On April 21st, a unique project in Italy has been inaugurated: the State of Things (lo Stato delle Cose). It is a journey in space and time throughout the “Italian earthquakes” with over 10,000 pictures by over 60 photographers. The creator of the project, Antonio di Giacomo, asked some editors of our focus to critically reflect on earthquake management in Italy

Confirmations: a perpetual emergency
Reflecting on the latest disaster in Italy, whatever its origin was, brings anyone to consider what has been previously done in terms of prevention and preparedness. For example, regarding the earthquakes that repeatedly affected the Apennines between Umbria, Latium, Marche and Abruzzi regions from 24th August 2016 to January 2017, seismologists and geophysics had firmly and persistently claimed that the seismic faults in those areas were -and remain – very active.

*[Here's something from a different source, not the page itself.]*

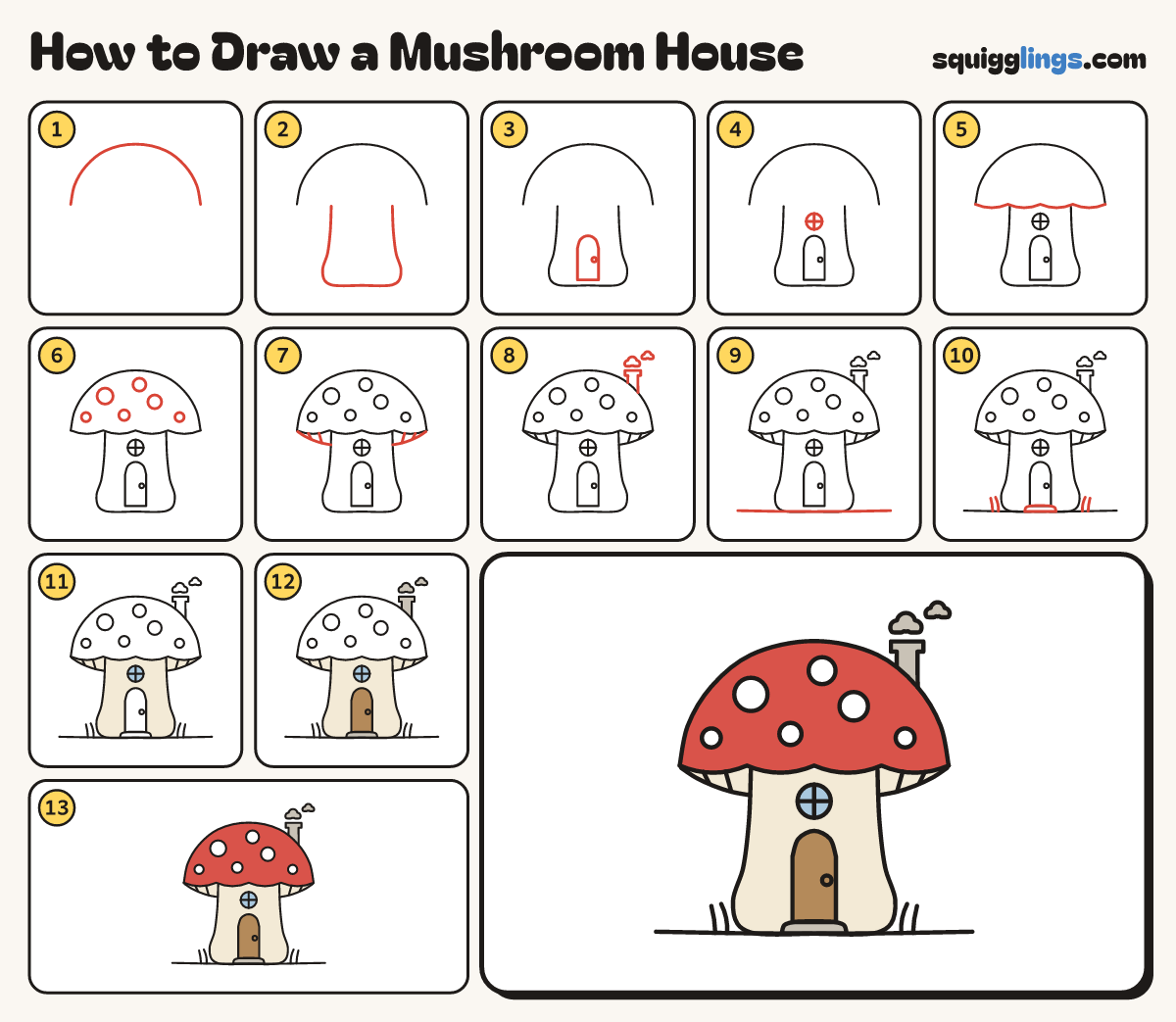 How to Draw a Mushroom House step by step: all 13 steps in one picture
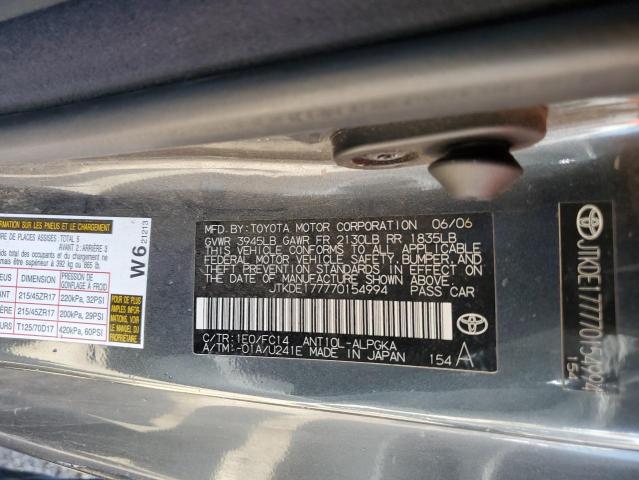 JTKDE177770154994 - 2007 TOYOTA SCION TC 石墨色 照片 12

Therefore, these experts have asked the different government levels to be ready for potential future emergencies. In the immediate aftermath of the earthquake which affected the villages of Amatrice, Accumoli, and Arquata del Tronto on 24th August 2016, efforts should have been done for improving preparedness among communities and institutions, sharing and updating (if existing) emergency plans, assessing their usefulness, and improving the collaboration between City Councils, communities, and governments. Likewise, efforts in the longer term would be necessary for monitoring and assessing critical conditions of buildings and slope stability, and for providing solutions accordingly. At least, it would have been necessary to think about it or to start addressing problems.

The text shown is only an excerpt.